What fibreglass does, that no other material can do so well, is to combine cost effectiveness, lightness and versatility with unbeatable strength. The glass fibres in the plastic (fibreglass is also known as GRP or Glass Reinforced Plastic) give the material a tensile strength far greater than any other substance of similar weight: while the plastic itself allows moulding into an almost limitless variety of shapes and sizes. As a result, fibreglass moulds can be used to cast objects with an equally unbounded quantity of intended uses. Car bodies, roller coaster units, sound baffles, septic tanks, chemical processing tanks, warehouse roofs: the possibilities are only limited by the imaginations of the people who build these things in the first place.

Though the moulding technology has developed over the last 50 years, the material hasn’t. Testament enough to its quality and variety of application, and reason enough for the industry to continue developing more and more ingenious ways of moulding the stuff in the first place. Modern fibreglass moulds can construct hugely complicated shapes by forming the objects as discrete parts, which are then “sewn” together using modern machining processes. In this way, even the body of a high performance sports car can be made completely from fibreglass, whose lightness and strength makes a huge contribution to the car’s performance. Its weight ensures maximum speed while its strength means that speed can be attained without fear that heavy torque forces will damage the vehicle’s structure.
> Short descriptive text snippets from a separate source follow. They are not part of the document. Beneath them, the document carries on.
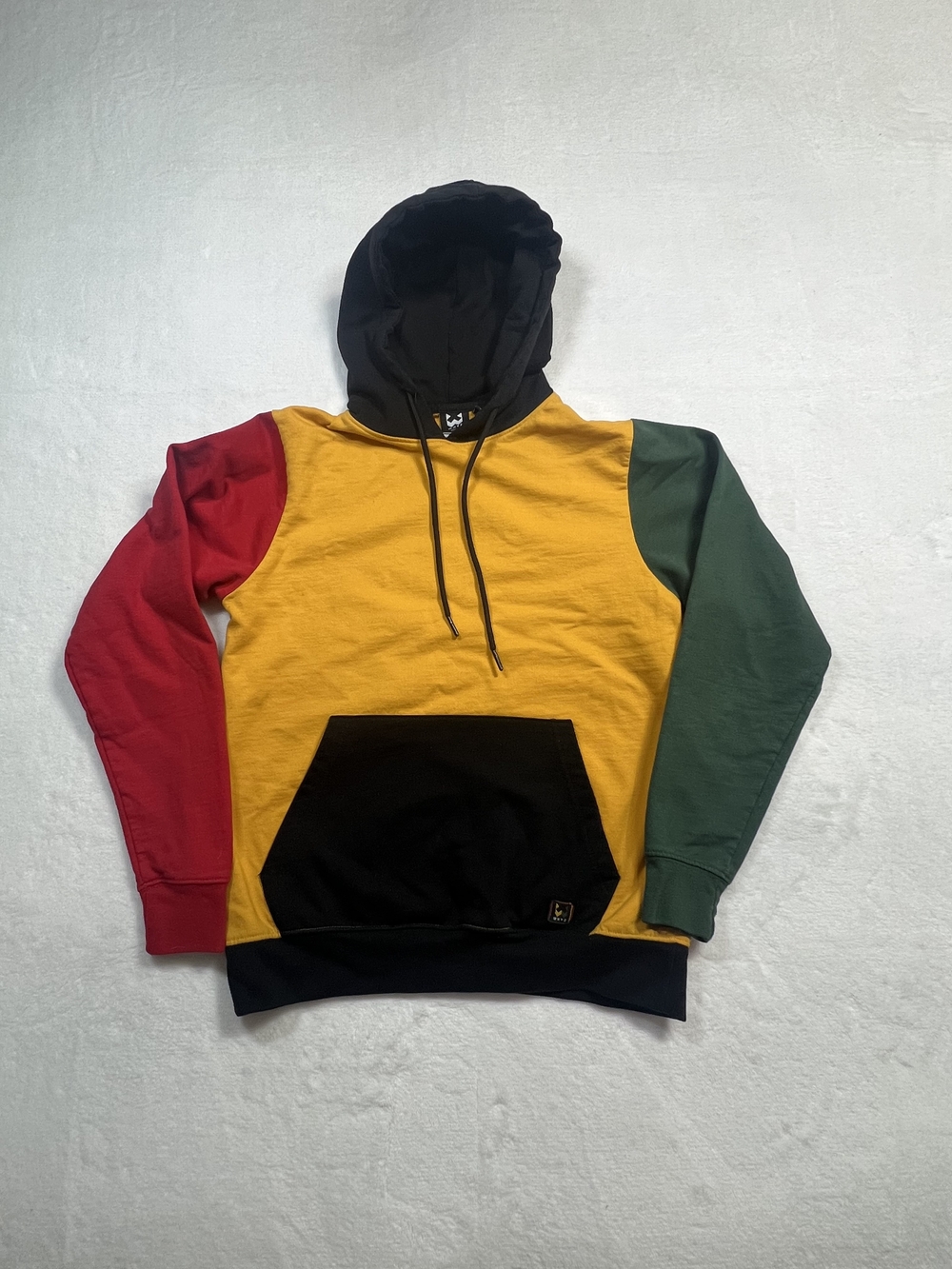 WXYZ Colorblock Hooded Sweatshirt in Yellow with Red & Green Sleeves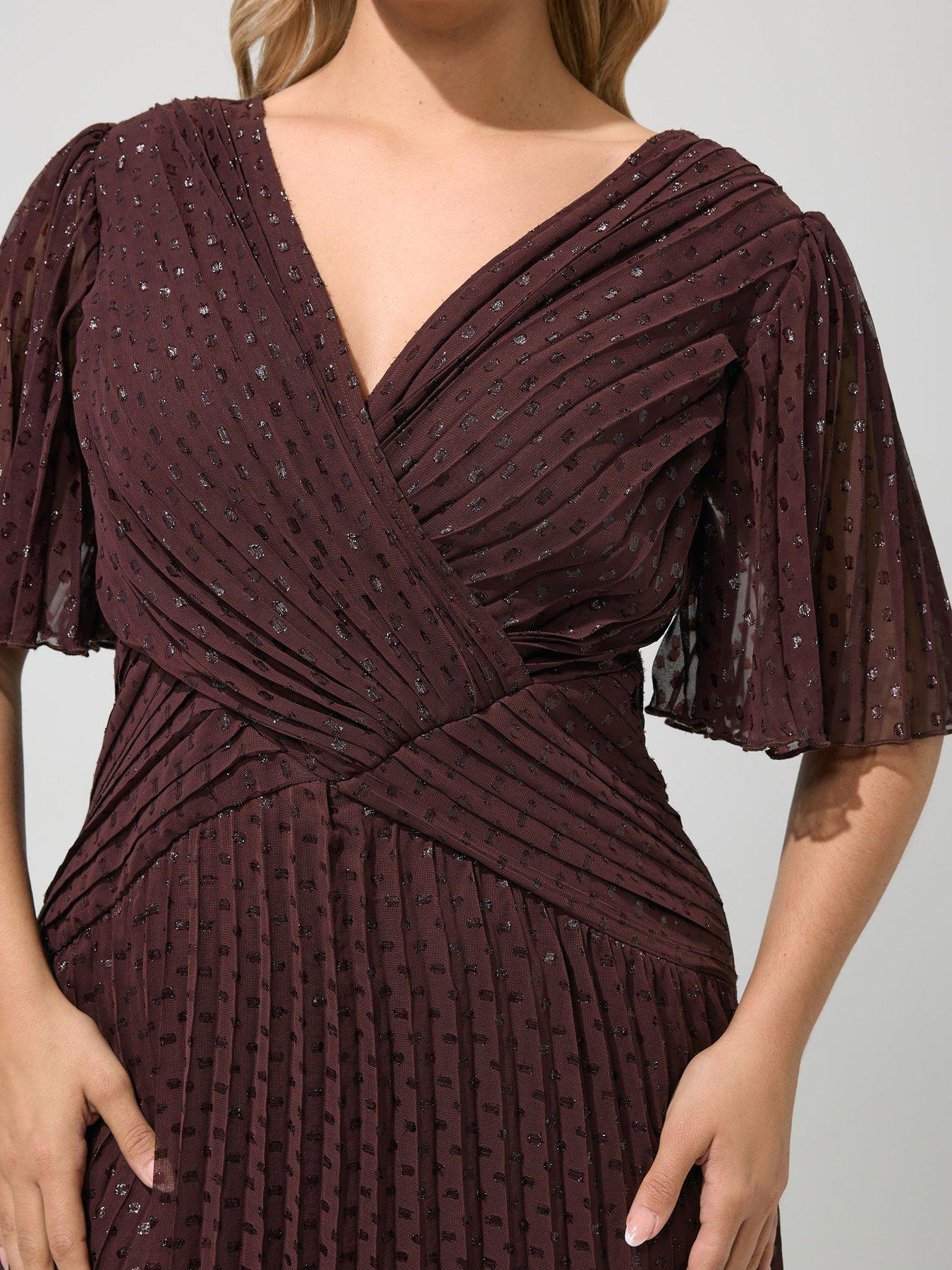 Image 4 of 4 of Yours Curve Metallic Pleated Wrap Dress - Brown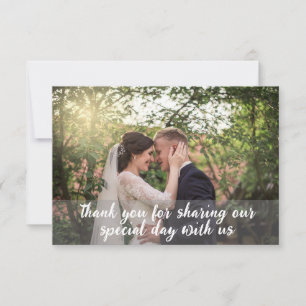 Cartão de Agradecimento de Foto de Casamento Simpl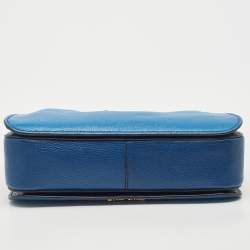 Miu Miu Two Tone Blue Madras Leather Pushlock Tote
There’s a use for moulded fibreglass in almost every area of UK industry – from the flamboyant and unusual, such as the production of high speed vehicles (Formula 1 racing boats have fibreglass hulls) to the eminently practical. Fibreglass moulds offer the perfect construction method for stadium seating, leisure centre fittings and aquatic sports equipment as well as the objects we see daily on our roads and in our towns: bollards, safety cones, speed camera casings and traffic light lenses. According to application, fibreglass, or Glass Reinforced Plastic, can be a high performance material used to combine lightness of weight with extremely streamlined and force-resistant shapes; or a cost effective way of providing mass produced civic furniture.

It’s nice to think that, in this age of continual replacement, one material is going as strong (and as light, and as versatile) as it was 50 years ago. Unlike almost any other type of material (steel gave way to alloys; wood gave way to brick) used in large concentrations in the modern world, fibreglass and fibreglass moulds have held sway at the top of their varied “professions” ever since day one. And they don’t look like changing any time soon. For versatility, performance and thoroughly up to date flexibility, there’s only one substance to choose.